СТЕКЛОВ
Из цикла "Галерея"
Это был малый выше среднего роста, с преждевременно, но как-то правильно обрюзгшим лицом. Римские складки кожи, светло-серые глаза - пожалуй, он был красив; словоохотливые женщины уточняли: бесспорно красив. Затем некоторые из них добавляли: "если бы не..." Стеклов не чувствовал - точнее сказать, не обладал быстрыми душевными реакциями. Например, бежит ребенок, падает коленями на асфальт - и еще даже не ревет, а трое взрослых уже ахают в один голос, и кто-то самый ближний хватает его, отрывает от асфальта, а он, оказывается, дико ревет, но на вдохе, в немой фазе (а вот и звук!), а на коленях - огромные клубничные ссадины. Жалко ребенка? Жалко - легко соглашается Стеклов, ведь ему больно и вообще, у него были свои дела, планы, - словом, Стеклов грамотно поддерживает разговор, вот только не ахает. Ну, если вы так хотите...

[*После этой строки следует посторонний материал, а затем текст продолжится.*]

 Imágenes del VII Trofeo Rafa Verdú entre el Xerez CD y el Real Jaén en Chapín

И в следующий раз, когда падает ребенок (а они часто падают), Стеклов исправно ахает первым - и последним, поскольку остальные, включая самого ребенка, смеются, а потом мамаша его же и ругает.

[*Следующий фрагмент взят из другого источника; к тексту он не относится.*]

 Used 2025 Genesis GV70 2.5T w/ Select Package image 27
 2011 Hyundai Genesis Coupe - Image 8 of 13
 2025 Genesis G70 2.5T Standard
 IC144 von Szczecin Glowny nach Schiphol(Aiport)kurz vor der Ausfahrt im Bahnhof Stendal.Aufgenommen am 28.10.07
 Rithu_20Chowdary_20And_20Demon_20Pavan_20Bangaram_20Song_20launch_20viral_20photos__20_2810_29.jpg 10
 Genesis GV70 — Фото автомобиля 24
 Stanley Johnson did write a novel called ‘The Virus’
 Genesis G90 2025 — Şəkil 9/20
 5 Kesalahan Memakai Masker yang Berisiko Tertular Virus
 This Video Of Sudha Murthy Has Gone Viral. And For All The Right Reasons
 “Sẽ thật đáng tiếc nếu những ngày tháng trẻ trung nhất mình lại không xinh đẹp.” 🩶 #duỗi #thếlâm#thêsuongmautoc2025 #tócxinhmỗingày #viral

Стеклов соображает, что тут действует какой-то механизм - где-то он и читал нечто подобное - типа представления себя ребенком, с его весом, в его шортиках; и это якобы дает мгновенное ощущение асфальта под коленями и возможность понять, ахать или смеяться. Нет, точнее, вне понимания - дает ах или смех. Стеклов воспринимает эту людскую способность как данность, как способность хамелеона изменять цвет.
Ему это не дано.
Ему остается одно - имитировать движения души. Он обучается практически мгновенно исчислять ситуацию и реагировать сочно и точно. Он ощущает себя знатным актером, партнеры которого несут отсебятину. Стеклову трудно, но интересно. Хуже другое.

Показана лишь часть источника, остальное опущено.